On Spain’s side, excitement over Sunday’s vote is palpable. Spanish Catalans feel they’ve never been closer to independence. Recently, nearly two million people marched in favor of it in the streets of Barcelona.
But French Catalans are largely indifferent, in large part, because they feel French. Catalan, too, but mainly French. Key to that has been language. In Spain, Catalans have defended their language for centuries. Since the 1970s Catalan has been the language in public schools.
In France, only about 1 in 5 people use Catalan daily and even fewer can read it and write it, says Jaume Pol, Perpignan’s Catalan Affairs counselor.
“We have lost the Catalan language,” Pol said. “There is only one official language in France, and that is French, period.”

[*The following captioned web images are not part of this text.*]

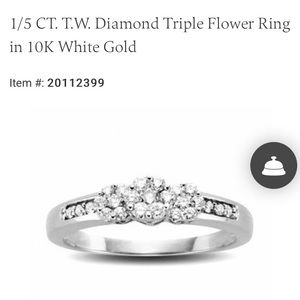Zales 1/5 CT triple flower ring - 10k white gold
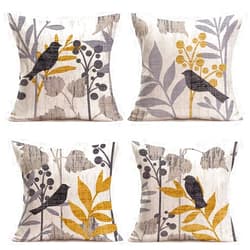 Tlovudori 4Pack Spring Summer Vintage Birds with Leaves Decorative Throw Pillow Covers Retro Rustic Farm Grey Birds Sitting on The Tree Branch Pillow Cushion Cover Home Pillow Case 18”x18” (SB-Birds)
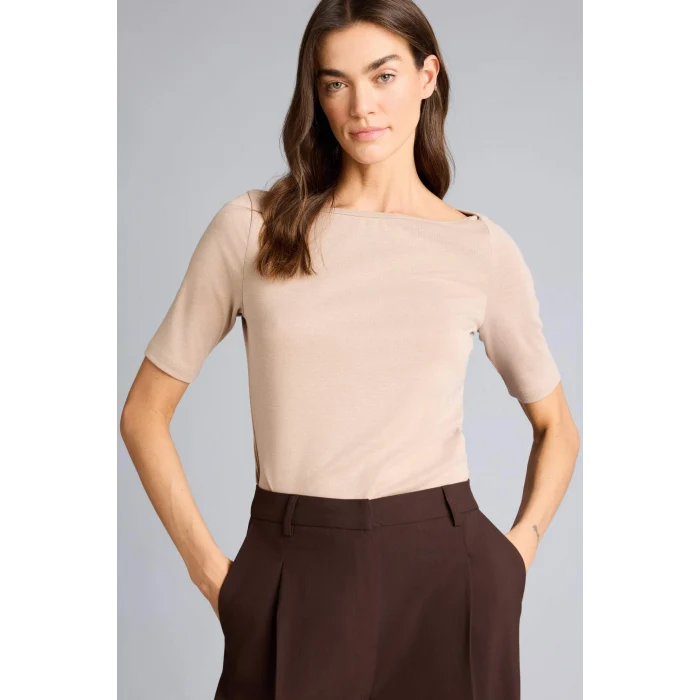 Defacto G9547AXBG260 Bej Slım Fıt Kayık Yaka Ribana Tişört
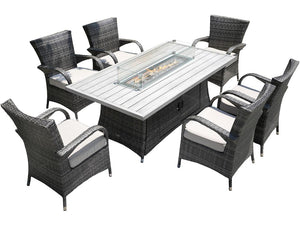 HomeRoots Seven Piece Outdoor Wicker Conversation Set with Fire Pit Table for Patio Entertaining Gray / Beige 479156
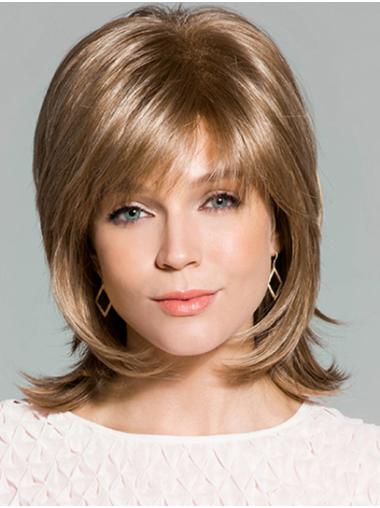Perruques Mi-Longues Lisse Blonde Cheveux Synthétique Multicouche 14"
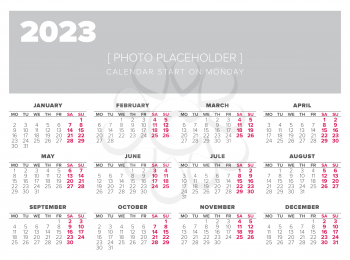 Calendar 2023 year vector design template, start on monday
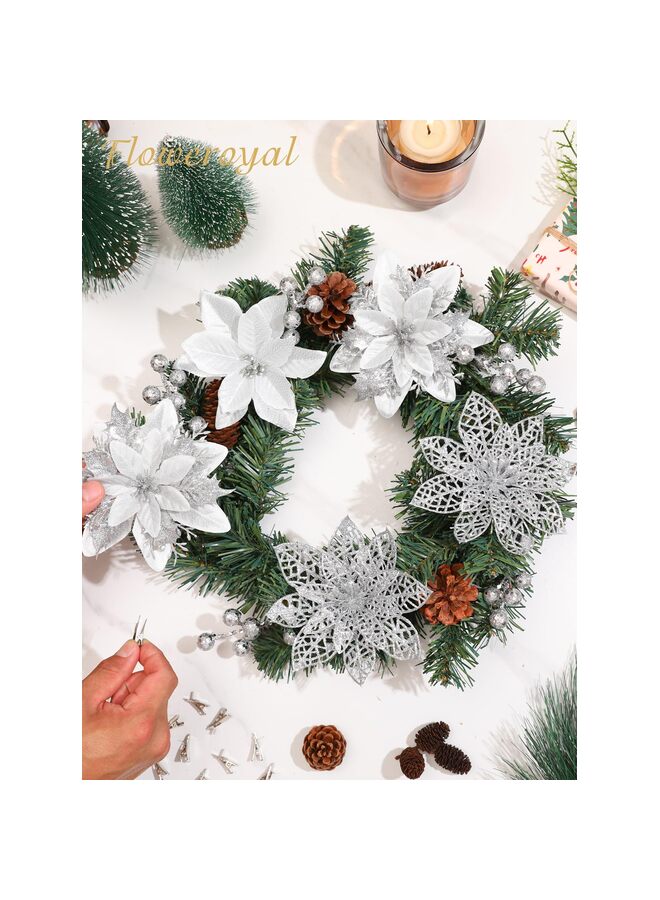 30PCS Christmas Glitter Poinsettia Artificial Flowers Christmas Flower Decoration Wedding Christmas Tree New Year Ornaments (Silver) - Image 5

After the French revolution in the late 18th century, the state set out to put a public school in every village. Teachers were referred to as soldiers of the republic, with a mission to build a cohesive French identity. It worked.
That, coupled with France’s relative prosperity, has made it highly unlike that a Catalan independence movement would ever take root here.
That’s not to say French Catalans aren’t proud of their culture and language. Last spring, some 7,000 French Catalans gathered on this same square. They made a video which takes you on a sort of staged stroll through French Catalan history and culture. The lyrics are all about the love of Catalan.
For most Catalans here, preserving the language, and staying French isn’t a contradiction.
For most Catalans.
On a recent afternoon the leaders of Els Amics de Catalunya, or Friends of Catalonia, held a meeting. Some are organizing a bus ride to Barcelona to witness Sunday’s historic vote. Others, like Jordi Vera, a city councilor in Perpignan, are trying to convince fellow French Catalans that an independent Catalan state next door would be great news here.
“If Spanish Catalonia is independent,” Vera said, “it would have more economic resources. That means more money for cultural exchanges across our border but also for our economy. There’d be a new synergy that’s never existed before.”
Friends of Catalonia only has a few dozen members, but the group’s ultimate aim is to see a Catalan state that includes all Catalan people, including them.
Dreaming that dream, though, can be frustrating, according to a local artist, Eric Forcada. He and some colleagues have formed a collective called Mirmanda. Their goal, as governments, politicians and activists squabble over borders, is to transcend them altogether.
They urge Catalan artists everywhere to join together, no matter how Spanish Catalonia votes on Sunday.